Description:File containing total_word_feature_extractor.dat (see Installation)

spacy_model_name

Type:str
Examples:"en_core_web_sm"
Description:If the spacy model to be used has a name that is different from the language tag ("en", "de", etc.), the model name can be specified using this configuration variable. The name will be passed to spacy.load(name).

server_model_dirs

Type:str
Examples:"models/"
Description:Directory containing the model to be used by server or an object describing multiple models. see HTTP server config

token

Type:str or null
Examples:"asd2aw3r"
Description:if set, all requests to server must have a ?token=<token> query param. see Authorization

max_number_of_ngrams

Type:int
Examples:10
Description:Maximum number of ngrams to use when augmenting feature vectors with character ngrams (intent_featurizer_ngrams component only)

duckling_dimensions

Type:list
Examples:["time", "number", "money", "distance"]
Description:Defines which dimensions, i.e. entity types, the duckling component will extract.

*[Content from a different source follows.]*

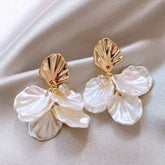 Coconut Bliss Earrings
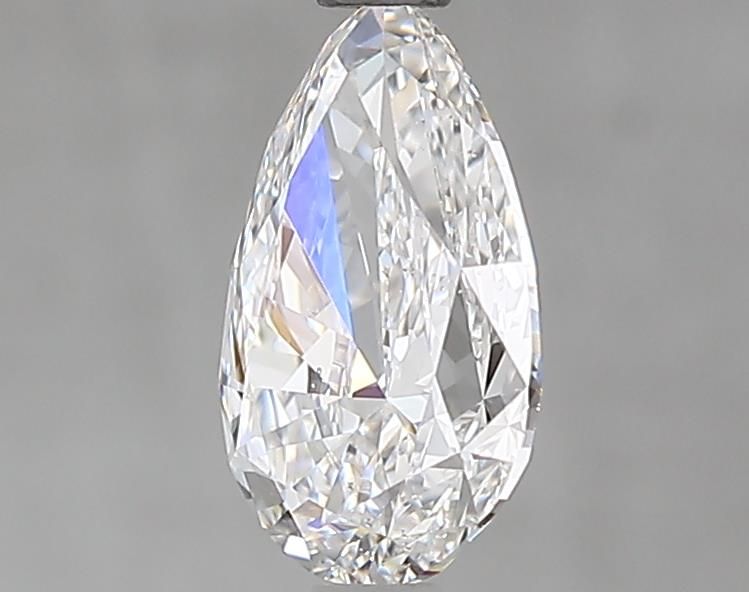 1.01ct Pear D SI1 Natural Diamond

A full list of available dimensions can be found in the duckling documentation.

luis_data_tokenizer

Type:str
Examples:"tokenizer_mitie"
Description:Name of the tokenization component used to process luis data (Luis data annotates entities using token offset instead of character offsets, to convert the token offsets to character positions a tokenizer is required.) see Migrating an existing app

If you want to persist your trained models to S3, there are additional configuration options, see Model Persistence

storage

Type:str
Examples:"aws" or "gcs"
Description:Storage type for persistor. See Model Persistence for more details.

bucket_name

Type:str
Examples:"my_models"
Description:Name of the bucket in the cloud to store the models. If the specified bucket name does not exist, rasa will create it. See Model Persistence for more details.

aws_region

Type:str
Examples:"us-east-1"
Description:Name of the aws region to use. This is used only when "storage" is selected as "aws". See Model Persistence for more details.

entity_crf_features

Type:[[str]]
Examples:[["low", "title"], ["bias", "word3"], ["upper", "pos", "pos2"]]
Description:The features are a [before, word, after] array with before, word, after holding keys about which features to use for each word, for example, "title" in array before will have the feature “is the preceding word in title case?”. Available features are: low, title, word3, word2, pos, pos2, bias, upper and digit

entitiy_crf_BILOU_flag

Type:bool
Examples:true
Description:The flag determines whether to use BILOU tagging or not. BILOU tagging is more rigorous however requires more examples per entity. Rule of thumb: use only if more than 100 examples per entity.